Ok so tonight something sparked my memory of this long lost blog that I have neglected for so long. It reminded me of how much I grew when I really took the time each day to ask myself “What did God teach me today and in what ways did I seek Him first?” Then journal (or blog I guess would be the term!) about it. I didn’t realize how much I missed that. But of course lots happened over this last year and I think maybe it was perfectly in God’s plan for me to take some time off. Maybe I’ll try to get back in to it if I can. It probably won’t be everyday…especially since we are supposed to be packed out of this house in like 6 weeks! But, I’ll try my best.

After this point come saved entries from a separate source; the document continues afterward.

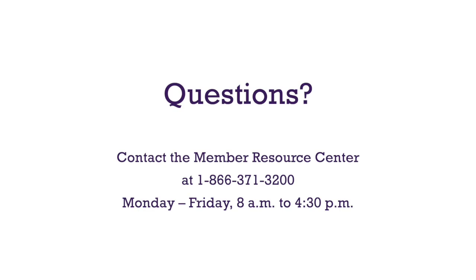If you have questions during your class, your instructor will be happy to help you in the Zoom meeting. If you have other questions, you can contact the Member Resource Center at 1-866-371-3200.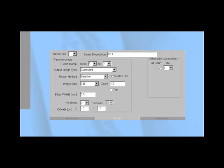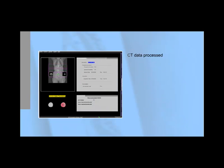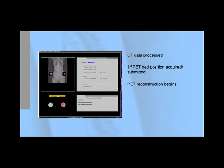Moving on to Section 4, we now come to the topic of PET reconstruction. As soon as all the CT data are processed and the first PET bed position data are required and submitted to the processing queue, PET data reconstruction automatically begins.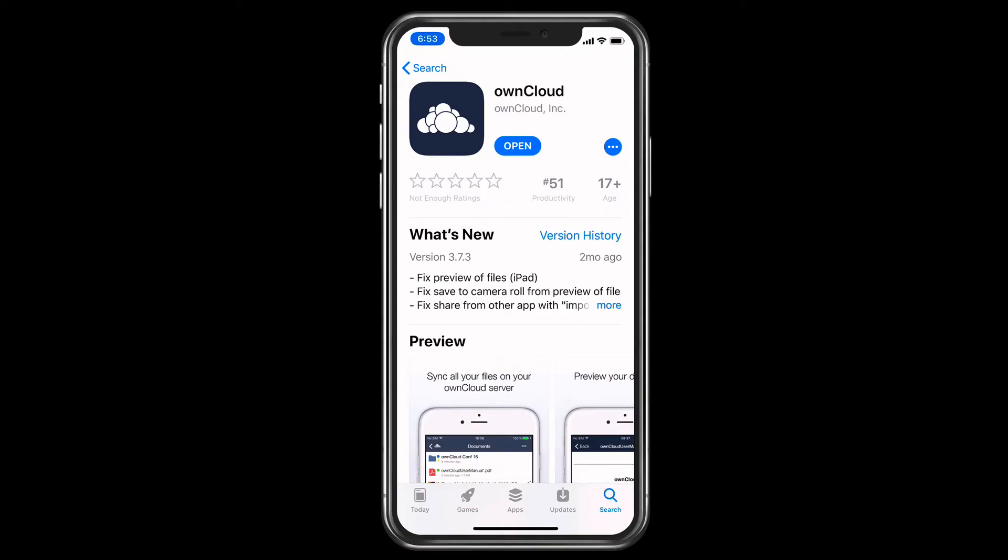Hi, this is Todd Olthoff from ToddOlthoff.com coming back at you with another screencast. This week we're going to continue our look at OwnCloud, and we're going to take a look more specifically at the iOS application that is out for OwnCloud.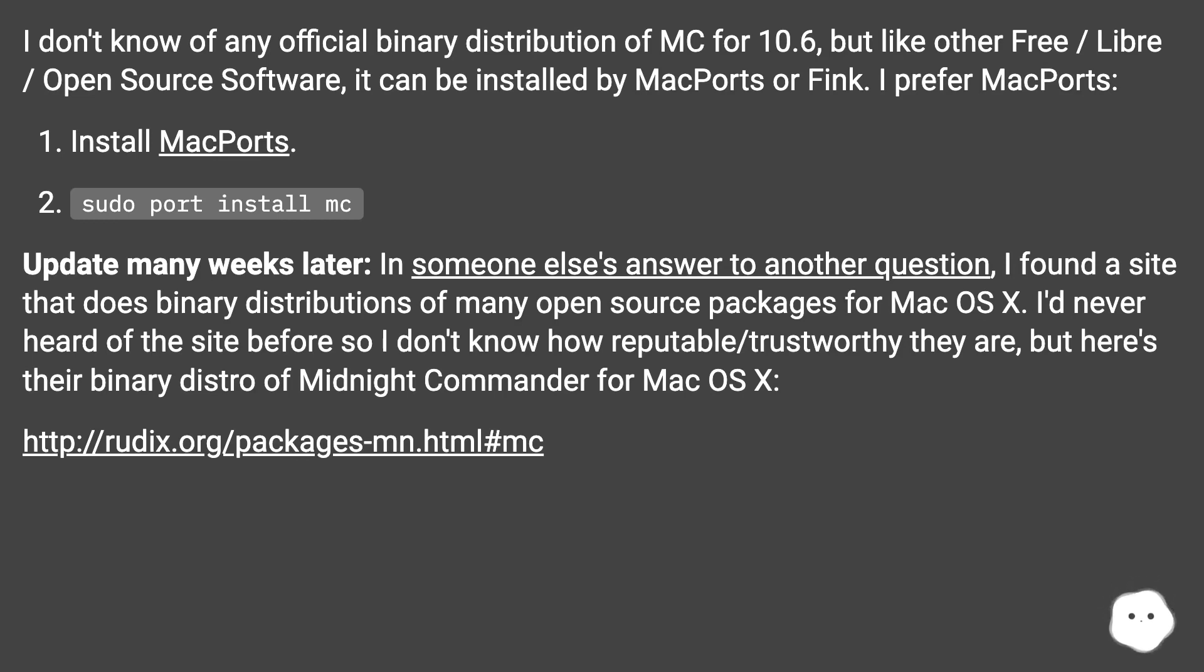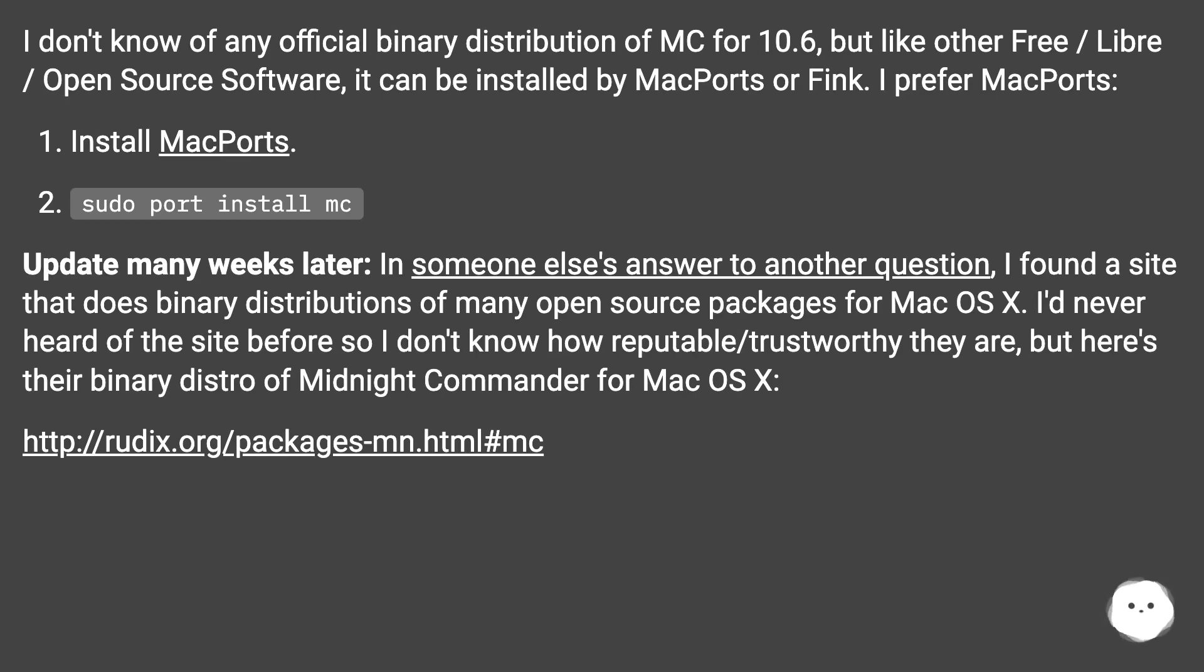Update many weeks later: In someone else's answer to another question, I found a site that does binary distributions of many open source packages for Mac OS X. I'd never heard of the site before, so I don't know how reputable/trustworthy they are, but here's their binary distro of Midnight Commander for Mac OS X at this URL.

God is definitely working in my life even if I don’t have time to blog about it. Right now he is helping me to work through the idea of moving this summer and homeschooling next year. I have been so hesitant to make that final decision about doing it. (home schooling not moving…that I don’t have a choice about!) I asked the Lord to help me the other day to see why it is that I am having such a hard time with it. I know that I want to be with my children because they are growing so fast and I feel like it is going to be over in a flash. I know that I want to be able to instill Godly values in them. I know that it would be valuable to them, so why is it that I am so afraid of it? Little by little the Lord has been giving me answers.
The first one is: With all that has happened in our family in the past year our home has been a little chaotic. We have slacked off in our parenting and not been as diligent in our disciplining. There is whining and disobedience, disrespect and dishonor. It has all snuck in so slyly. This week I realized that if I want to home school we have to restore the order in our home.

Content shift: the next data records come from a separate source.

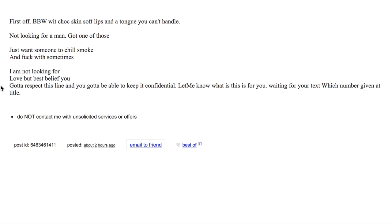I am not looking for love, but best believe you gotta respect this line and you gotta be able to keep it confidential. Let me know what it is. What?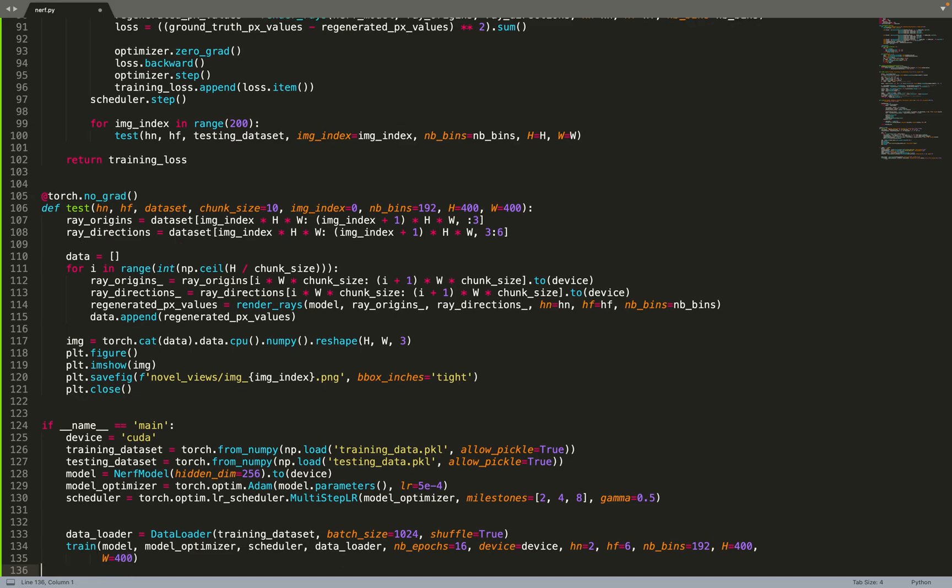So that's all. A minimal implementation of NeRF that will give you great results, as you have seen in the beginning of this video. Again, I have a very long course about NeRF that is more than 10 hours, that gives much more details, much more ways to improve the code and to improve your model. So if you're interested, do not hesitate to have a look at it. If you liked this video, leave a thumbs up and subscribe for more videos like that. Thank you.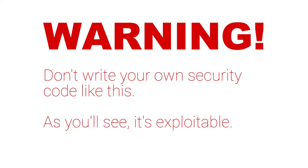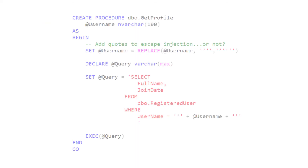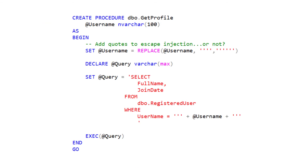So let's write our own security function. WARNING! Seriously, don't use code like this because as you'll soon see, it's very exploitable. Here, we have a stored procedure which is appending single quotes to all the existing single quotes in our username parameter as a way of avoiding SQL injection attacks.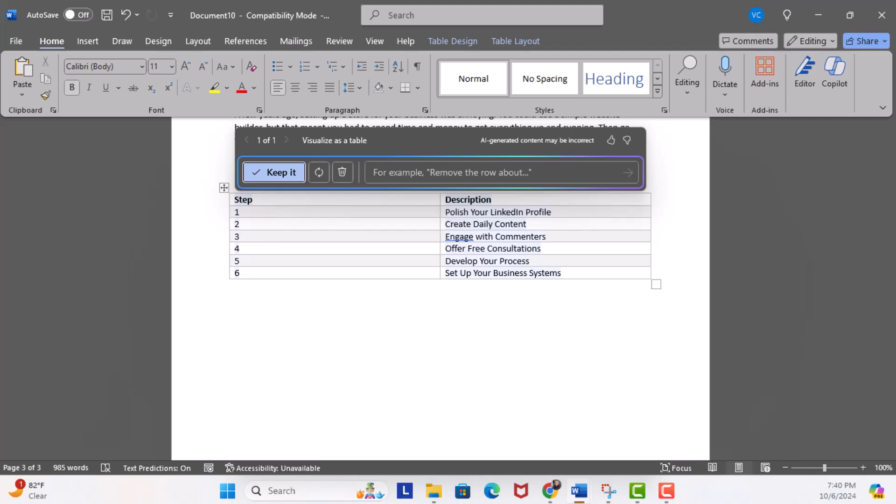The visualize into a table feature is one of the most useful tools when using Copilot with Word, in my opinion. Next, we're going to focus on asking questions on your Word document. See you in the next lesson.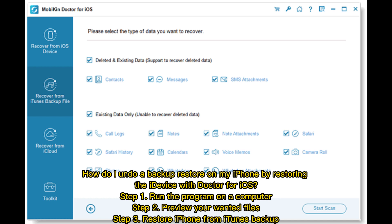Step 1: Run the program on a computer. Step 2: Preview your wanted files. Step 3: Restore iPhone from iTunes backup.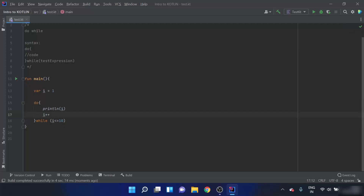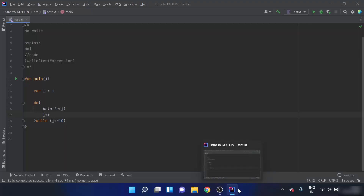So be careful that the loop does not run infinitely — always include the increment statement. So far we have covered the syntax and basic examples of loops. You should now have a good understanding of while and do-while loops in Kotlin. Thank you.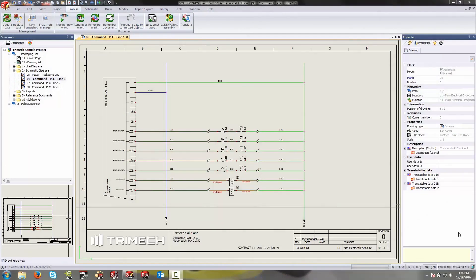Hey everybody, this is Tim Pulaski with Trimec, and today we're going to take a look at how to drive your terminal marks with the properties of connected wires.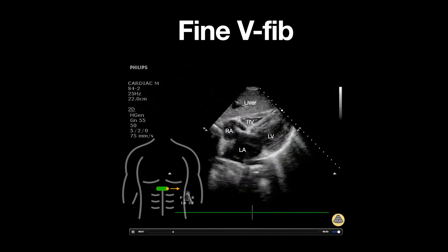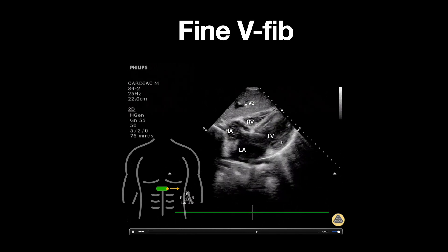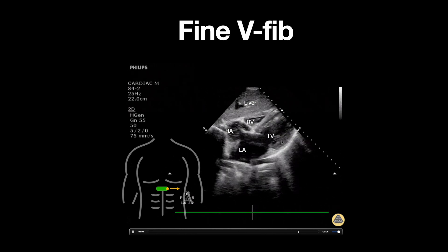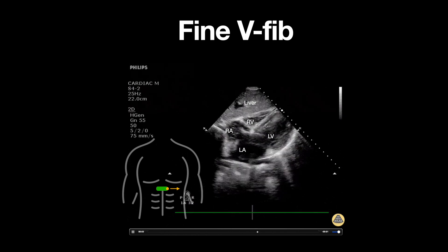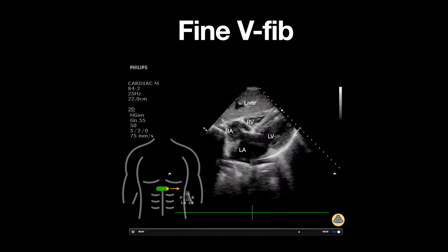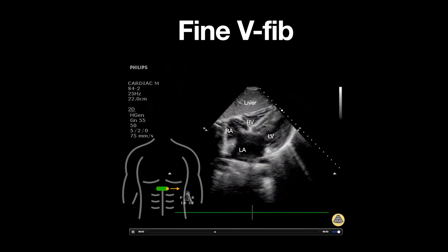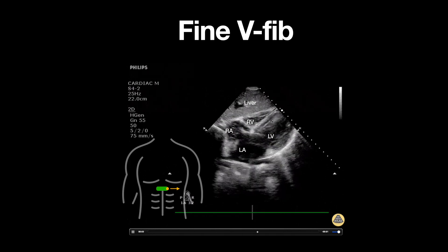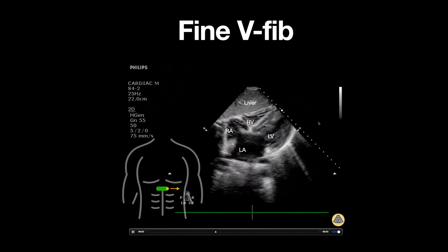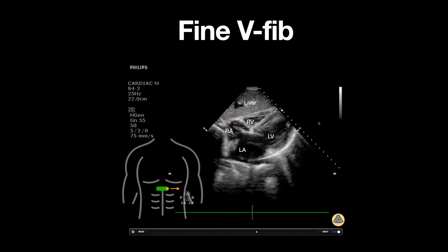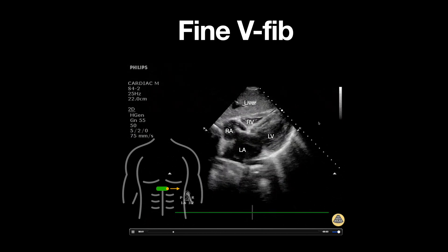Notice that looking at the activity of the heart, there does not appear to be any organized cardiac activity. However, on closer inspection we do see quivering of both the mitral valve as well as the myocardium. This is consistent with fine ventricular fibrillation and needs immediate defibrillation.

But if you will look to God and plead with the Almighty, if you are pure and upright, even now he will rouse himself on your behalf and restore you to your rightful place. Job 8:5-6
And secondly: The Lord showed me that I am worried with what others will think. My husband’s family in Michigan and mine in Chicago will be so close now and I can already feel myself starting to concern myself with what they think. I know better. I must choose God over man.

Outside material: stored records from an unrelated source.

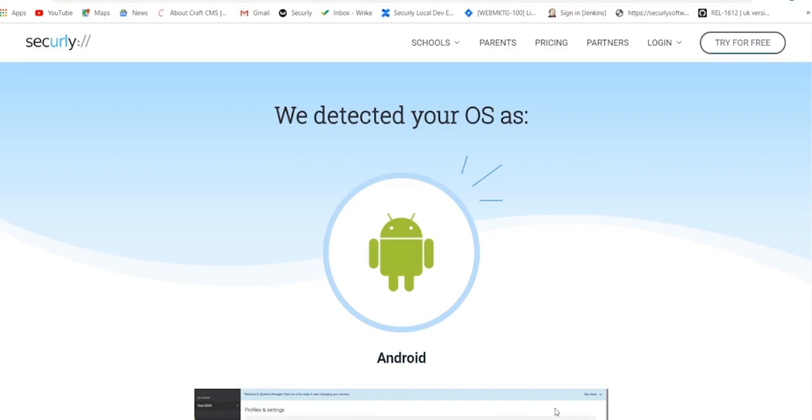Hi, I'm Becky, and I'm here to walk you through installing the Securely SSL certificate for your Android device.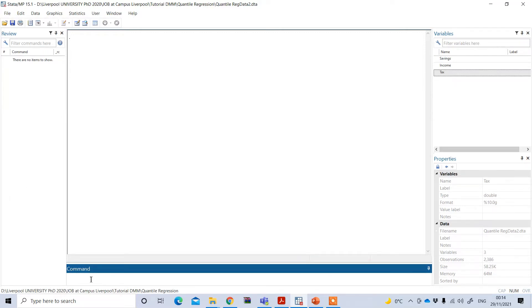To perform quantile regression we can use the command qreg. However, to plot the result of the quantile regression we need to use the command qreg plot. So first we need to run the quantile regression command, and after that we need to run the plotting command.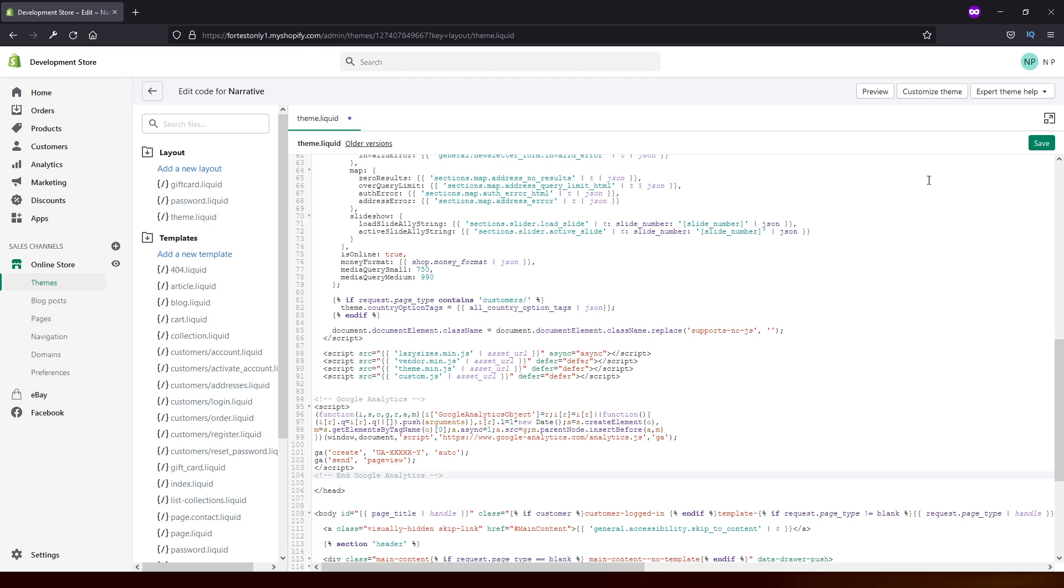And that's pretty much it. Just save it. And the code is implemented.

Am I now trying to win the approval of men, or of God? Or am I trying to please men? If I were still trying to please men, I would not be a servant of Christ. Galatians 1:10
3 comments:
Big hugs. I know we have not yet in person yet, but we are here to support you. My family was not on board at all with homeschooling for years. You are so right, whose approval are we trying to win? If God has called you to homeschooling, He will equip you to do just that. Don't worry about others, just follow His will. We serve an amazing God! See you soon :)
You go girl. I love you
Hi,
I wanted to let you know that I came across your blog by putting the words "believe and not doubt" into Google. Funny I ended up coming to a blog site of a fellow Christian female, wife, mom and homeschooler??!
Keep up the writing when you have time. Something you wrote from back in January 2008 encouraged me today.